Indian microfinance organisations are coming into big global funding, at a time when global credit is seizing up. This month, two leading names--SKS Microfinance, the biggest in the country, and Ujjivan, a pioneer in working among the urban poor--have between them raised close to $100 million of private equity. This underlines a sea change sweeping the sector, signalling it has come of age. As much as this is a cause for celebration, it is also necessary to ask if all is well with the sector, which way it is going and most importantly, which way it ought to go.
The first positive is the growth. According to the 2008 Microfinance India by N Srinivasan (this competent annual study is itself a feather in the cap of the industry), last year microfinance's client base grew 25 per cent to reach 54.8 million. This is defining microfinance narrowly. If you also add up the small loans of commercial banks, primary cooperative societies and self-help groups, the total client base at end-2007-08 comes to 115 million. Thus microfinance now reaches over 20 per cent (even allowing for those who get loans from more than one organisation) of the country's 600 million working poor.
Most importantly, in a country riven by poor governance, this is not money down the drain. Repayment to banks is 90 per cent and microfinance organisations following the Grameen Bank model over 98 per cent! What this has established, says Samit Ghosh, founder of Ujjivan, is “microfinance is an eminently viable commercial proposition.” Viability plus rapid growth induced hunger for capital is attracting the private equity.
But the picture changes somewhat when you look at the quality of growth. As Srinivasan points out in his report, the growth has been horizontal, and not gone deep. The three southern states which lead in microfinance (Andhra Pradesh, Tamil Nadu and Karnataka) account for 52 per cent of clients, whereas six major states and all those in the northeast account for only 1 per cent of clients. Truth is, the hardcore poor and remote areas of the country are left out of the microfinance story.
As for depth, a microfinance loan is typically for Rs 3,500-5,000 and returned in or under a year. You can't do much with that kind of a loan, it only eases liquidity problems. Naturally, microfinance is yet to deliver on its primary objective-- take people out of poverty.

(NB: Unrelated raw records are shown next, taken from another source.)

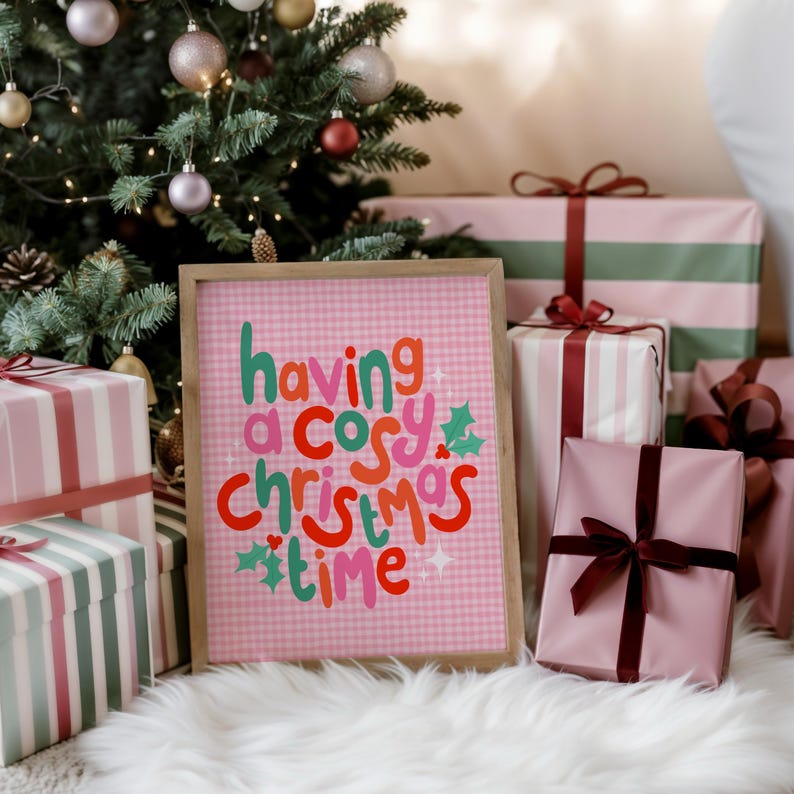 May include: A rectangular framed print with a light pink gingham background featuring the text having a cosy christmas time in red, green, and pink lettering, accented with small green holly leaves and white star shapes on the print surface.
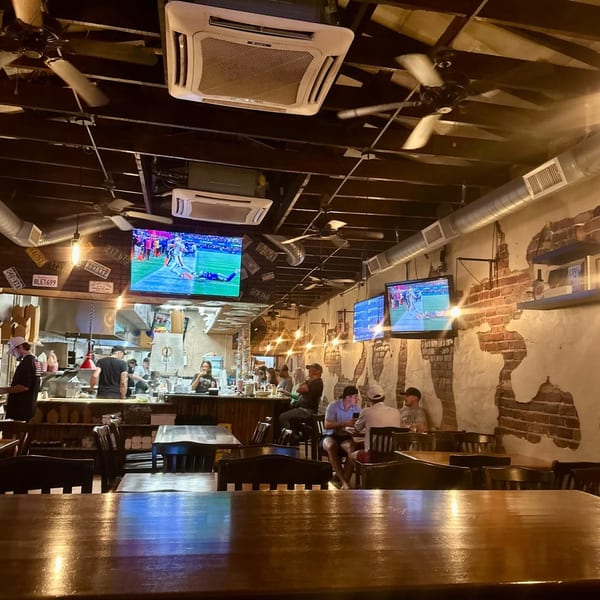Interior of Charlie's Burgers & Street Tacos with customers, staff, TVs, and exposed brick walls.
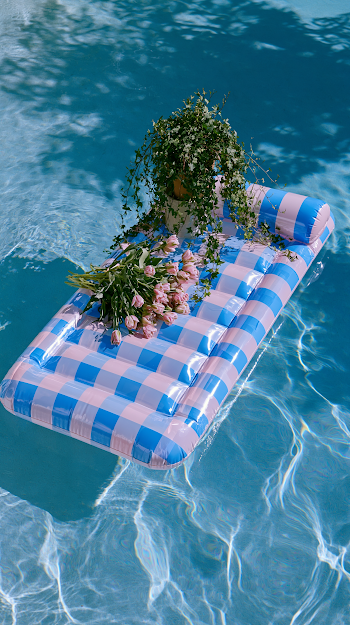 Relaxing Summer Vibes: Inflatable Mattress in a Blue Pool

Only half of its clients have escaped poverty. The report quotes one of the pioneers of the microfinance movement, Vijay Mahajan, as saying, “…MFs want nearly 100 per cent repayment and they are getting it because poor people are paying out of cash flows from other activities. To say that the MFI has got 99 per cent repayment is not by itself any great virtue, because if the people are engaged in several activities, they have been given a loan and lost the asset (such as livestock death or crop failure) and are now paying you out of wage work, that is not the purpose of founding microfinance.”
A corollary to the coming in of risk capital is the exit of the social or “transformational capital” which the promoters had brought in because they wanted to change the world. This new predominantly profit oriented capital is low on social objectives, marking a dilution of the original mission. There are pluses from this development too. The buying out of individual investors is creating a market for microfinance institutions and the private equity players bring in a lot of business discipline. What is more, not every equity fund is equally driven by profit. So it is a variegated scene with examples of original investors existing entirely, or remaining in part, and importantly, not all equity players being equally profit driven, with some having only a partial profit motive. The most important plus is of course the chance for the poor to escape from the clutches of the moneylender.
Health security and educational opportunity are two other key elements that, along with sustained means of livelihood, make up the composite offering that allows deliverance from poverty. (One out of five loans is taken for a major family illness and urban maids frequently take loans to put their children in English medium schools.) This is why totally social oriented organisations are pursuing a different model, or starting a separate foundation to deliver a composite package. The report highlights Sarvodaya Nano Finance, which operates in the heartland of India's poverty-- Bihar, Jharkhand, Madhya Pradesh, Rajasthan— and also Maharashtra and in a big way in Tamil Nadu. It offers capacity building support services, with emphasis on dairying. It also runs health centres and organises community marriages so that families can escape the financial burden of dowry. Its recovery performance is “exceptional”.
A particularly innovative organisation is Institute for Rural Credit and Entrepreneurship Development, Sangli. It has been working on grain banks in tribal areas successfully for over a decade. From a food security model it has become a microfinance model. Women’s groups from rural areas take grain loans and repay in 10 instalments. The grain and other produce are sold to groups in urban areas. Through a notion of share capital, groups get grain loans six times their capital. With retained margins their share values go up every year. “There is tremendous demand for this product,” says Kiran Kulkarni. To reach the goal of removing poverty you have to undertake a long journey. Microfinance is a vital early step.